Below are the records; return exactly the lines from the one with "回收碳酸锂视频-回收碳酸锂-贵州省黔南市" through the final line, both included, minus any pictures.
*** PROVIDED INFORMATION Section Begins ***
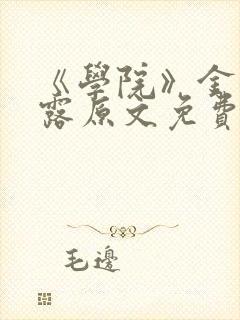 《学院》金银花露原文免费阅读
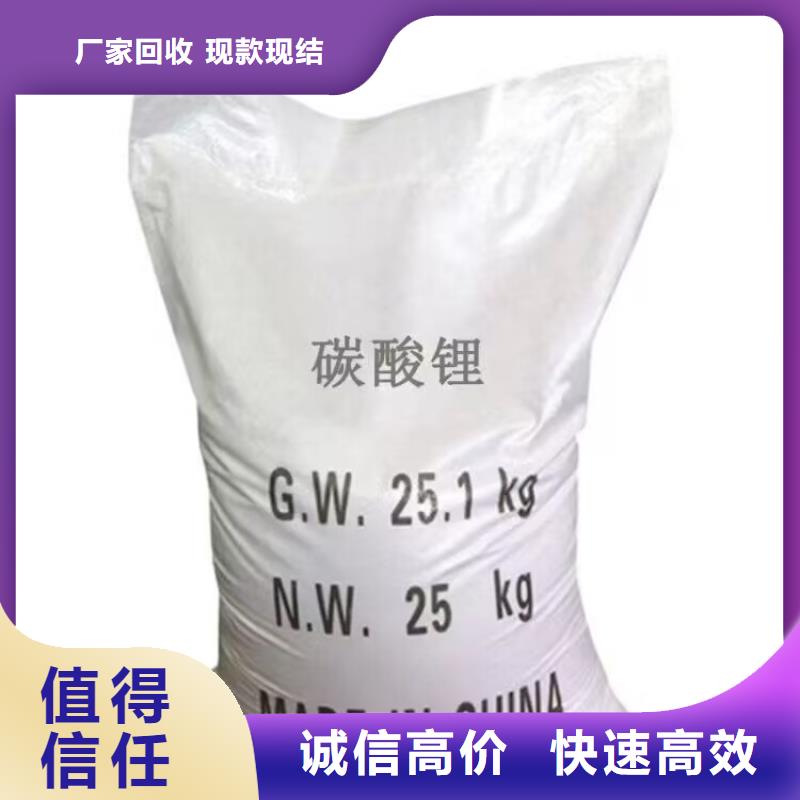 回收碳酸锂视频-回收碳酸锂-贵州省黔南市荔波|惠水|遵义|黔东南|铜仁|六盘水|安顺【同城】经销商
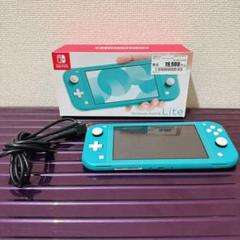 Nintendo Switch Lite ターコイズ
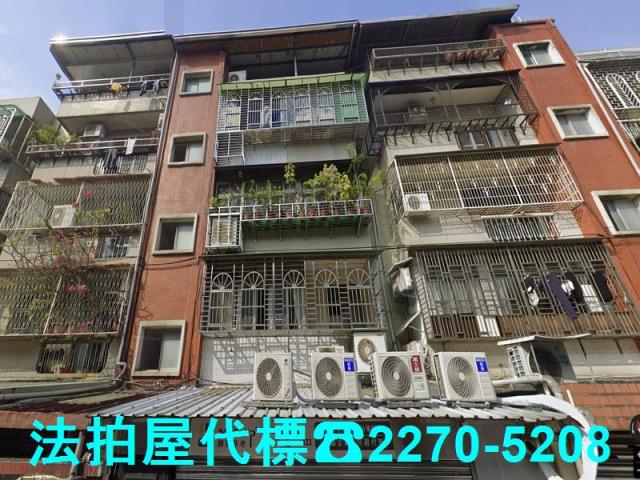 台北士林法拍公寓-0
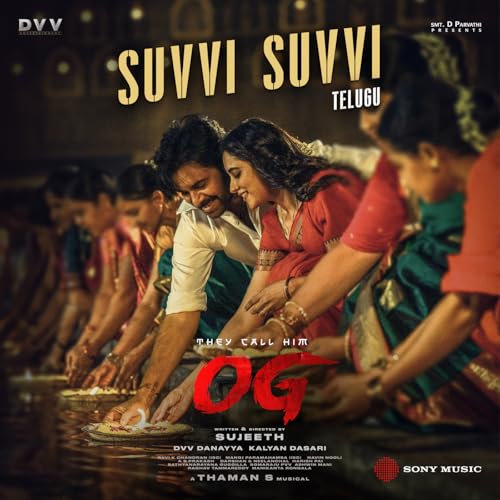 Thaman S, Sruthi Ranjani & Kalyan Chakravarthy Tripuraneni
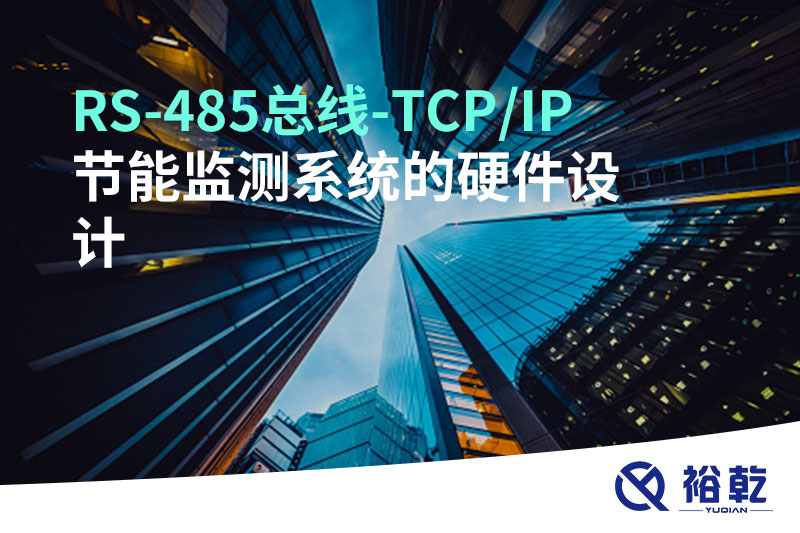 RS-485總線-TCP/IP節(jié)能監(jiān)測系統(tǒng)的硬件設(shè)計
*** PROVIDED INFORMATION Section Ends ***
__EXPECTED OUTPUT__:
 回收碳酸锂视频-回收碳酸锂-贵州省黔南市荔波|惠水|遵义|黔东南|铜仁|六盘水|安顺【同城】经销商
 Nintendo Switch Lite ターコイズ
 台北士林法拍公寓-0
 Thaman S, Sruthi Ranjani & Kalyan Chakravarthy Tripuraneni
 RS-485總線-TCP/IP節(jié)能監(jiān)測系統(tǒng)的硬件設(shè)計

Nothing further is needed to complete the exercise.